KANE
by: Fitz-James O'Brien
(1828-1862)
- LOFT upon
an old basaltic crag,
- Which, scalped by keen winds that defend the Pole,
- Gazes with dead face on the seas that roll
- Around the secret of the mystic zone,
- A mighty nation's star-bespangled flag
- Flutters alone,
- And underneath, upon the lifeless front
- Of that drear cliff, a simple name is traced;
- Fit type of him who, famishing and gaunt,
- But with a rocky purpose in his soul,
- Breasted the gathering snows,
- Clung to the drifting floes,
- By want beleaguered, and by winter chased,
- Seeking the brother lost amid the frozen waste.
-
- Not many months ago we greeted him,
- Crowned with the icy honors of the North,
- Across the land his hard-won fame went forth,
- And Maine's deep woods were shaken limb by limb.
- His own mild Keystone State, sedate and prim,
- Burst from decorous quiet as he came.
- Hot Southern lips, with eloquence aflame,
- Sounded his triumph. Texas, wild and grim,
- Proffered its horny hand. The large-lunged West,
- From out his giant breast,
- Yelled its frank welcome. And from main to main,
- Jubilant to the sky,
- Thundered the mighty cry,
- HONOR TO KANE!
-
- In vain--in vain beneath his feet we flung
- The reddening roses! All in vain we poured
- The golden wine, and round the shining board
- Sent the toast circling, till the rafters rung
- With the thrice-tripled honors of the feast!

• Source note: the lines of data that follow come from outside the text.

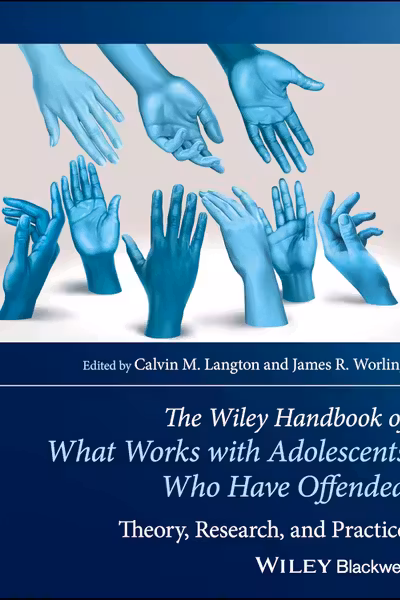 The Wiley Handbook of What Works With Adolescents Who Have Offended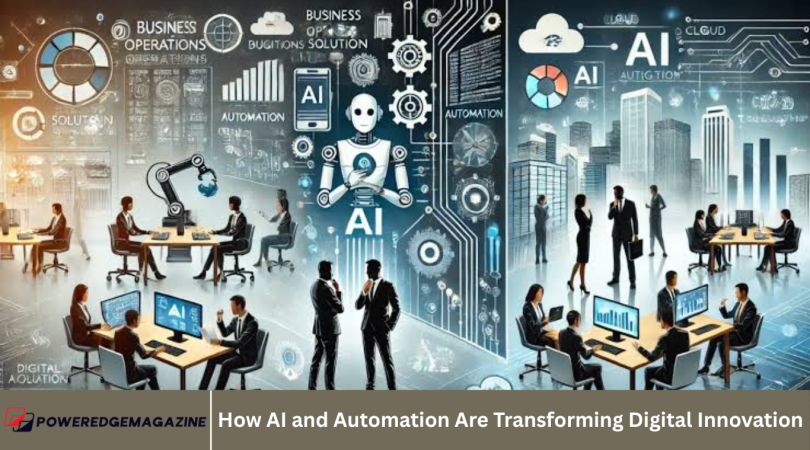 How AI and Automation Are Transforming Digital Innovation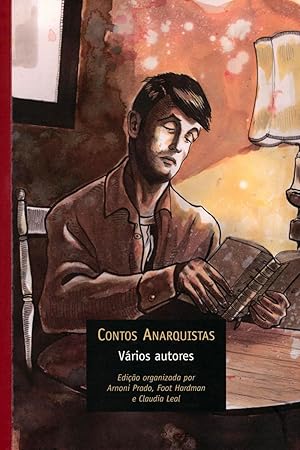 Seller image for Contos anarquistas : temas & textos da prosa libertrio no Brasil (1890-1935). -- ( Contistas e cronistas do Brasil ) for sale by Ventara SA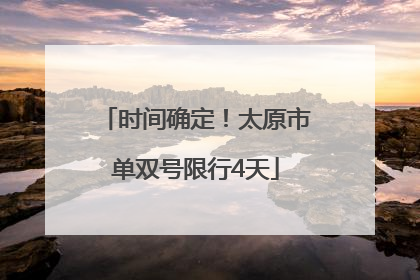 时间确定！太原市单双号限行4天
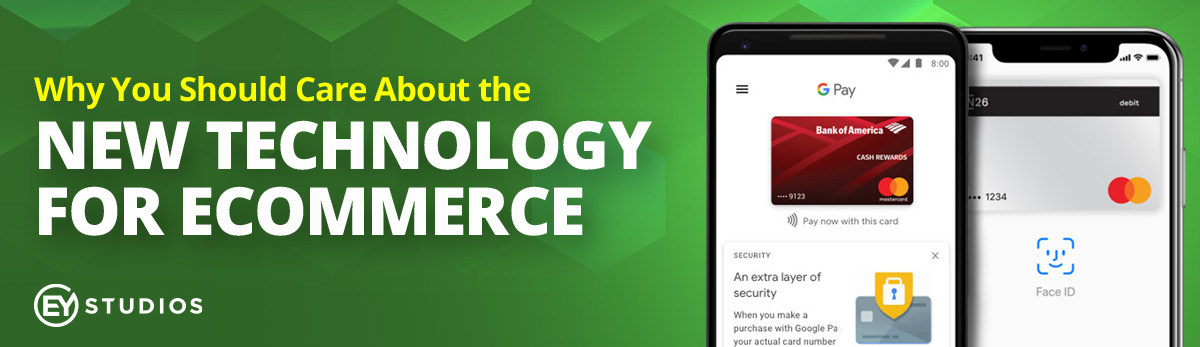 Why You Should Care About the New eCommerce Technology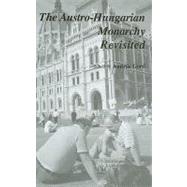 The Austro-hungarian Monarchy Revisited by Gero, Andras, 9780880336505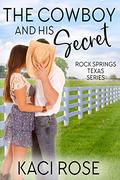 The Cowboy and His Secret: A Friends to Lovers Romance by Kaci Rose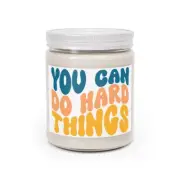 "You can do hard things" Scented Candles, 9oz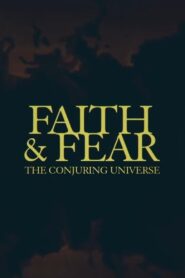 Faith & Fear: The Conjuring Universe 2020 one on netflix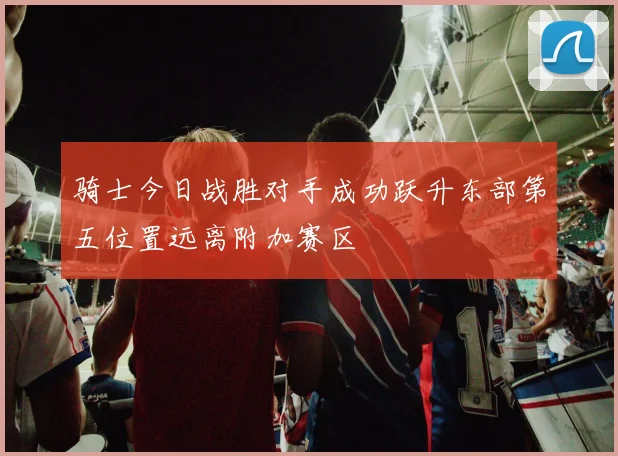 骑士今日战胜对手成功跃升东部第五位置远离附加赛区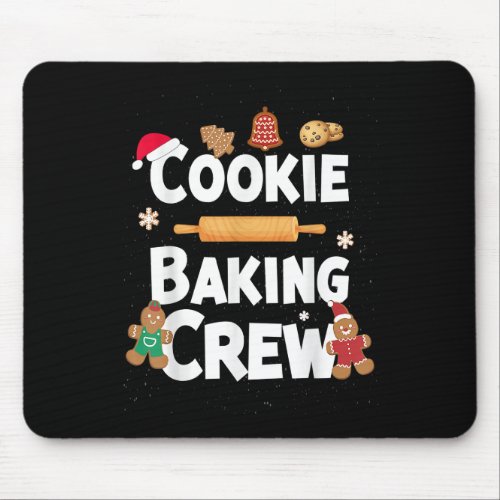 Christmas Cookie Baking Crew Funny Pajamas Family  Mouse Pad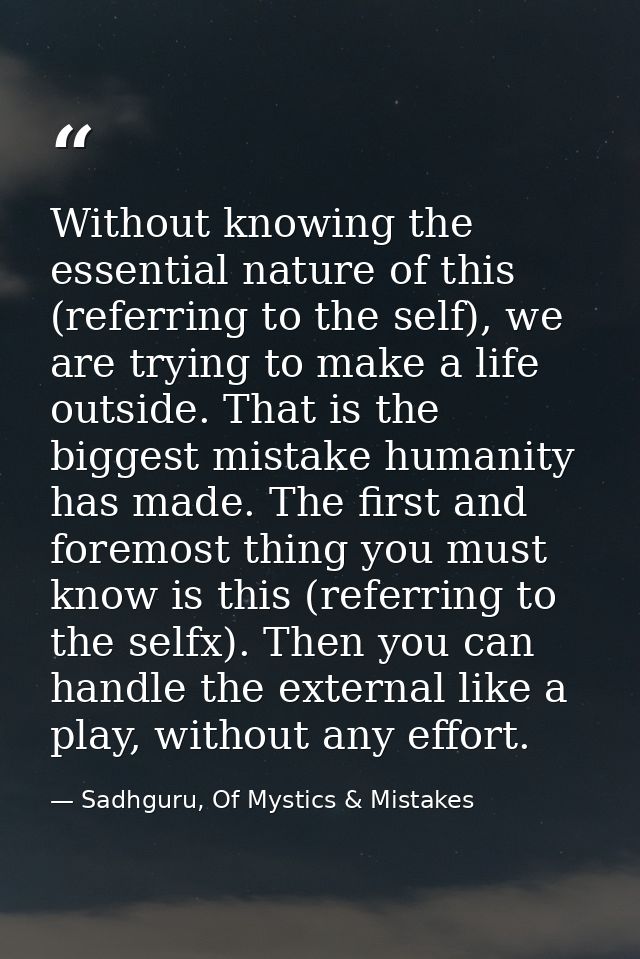 Without knowing the essential nature of this (referring to the self), we are trying to make a life outside. That is the  — Sadhguru, Of Mystics & Mistakes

- Scarce the buds wilted and the voices ceased
- Ere the pure light that sparkled in his eyes,
- Bright as auroral fires in Southern skies,
- Faded and faded! And the brave young heart
- That the relentless Arctic winds had robbed
- Of all its vital heat, in that long quest
- For the lost captain, now within his breast
- More and more faintly throbbed.
- His was the victory; but as his grasp
- Closed on the laurel crown with eager clasp,
- Death launched a whistling dart;
- And ere the thunders of applause were done
- His bright eyes closed forever on the sun!
- Too late--too late the splendid prize he won
- In the Olympic race of science and art!
- Like to some shattered berg that, pale and lone,
- Drifts from the white North to a tropic zone,
- And in the burning day
- Wastes peak by peak away,
- Till on some rosy even
- It dies with sunlight blessing it; so he
- Tranquilly floated to a Southern sea,
- And melted into heaven.
-
- He needs no tears, who lived a noble life!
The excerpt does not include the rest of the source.